A bolt of lightning struck inside my right knee as I refused to quit cranking up that demon hill trying to conquer my spirit. I gritted my teeth and cursed its mother. I shifted my weight so that my left leg would take the brunt of the punishment. It did. The hill grew. I gave it the finger and pressed on. It grew still, until my left knee twinged like my right as if shrapnel was shredding at the tendons. I shifted my weight again. Dan’s face looked like a beet root cut in half, his eyes remaining focused on the white dividing line. And then he reminded us of the muscled heroes in our legs and the importance of determination and indifference to pain.

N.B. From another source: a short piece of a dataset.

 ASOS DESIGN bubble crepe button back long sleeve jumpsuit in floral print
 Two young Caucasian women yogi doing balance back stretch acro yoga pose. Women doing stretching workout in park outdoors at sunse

So we made up a song. Well, modified the lyrics to a James Brown song in order to fit our status, it went a little something like this:

I’m a pedaling man!
Dah dah dat, du dada da Dah!
I’m pedaling ma-an!
Beh-dunt, dun de dunt. HUH!

Got what I got! (Fill in horn section with full lungs)
The hard wayee
And I make it better
Each and every dayee!
I’m a pedalin ma-an!”
Beh-dunt dun de dunt. HUH!

And that really fueled our fire, boy! We flew up and over those hills with power, the kind of power that comes with rocket ship helmets and Cadilacsycles. But we didn’t have either of those. Just some hip thrust power gusto and the kind of broohaha fever like blasts from a sawed-off. Hell yes! And then we’d fly down ‘em, screaming and laughing and growing prematurely senile before hitting the flats.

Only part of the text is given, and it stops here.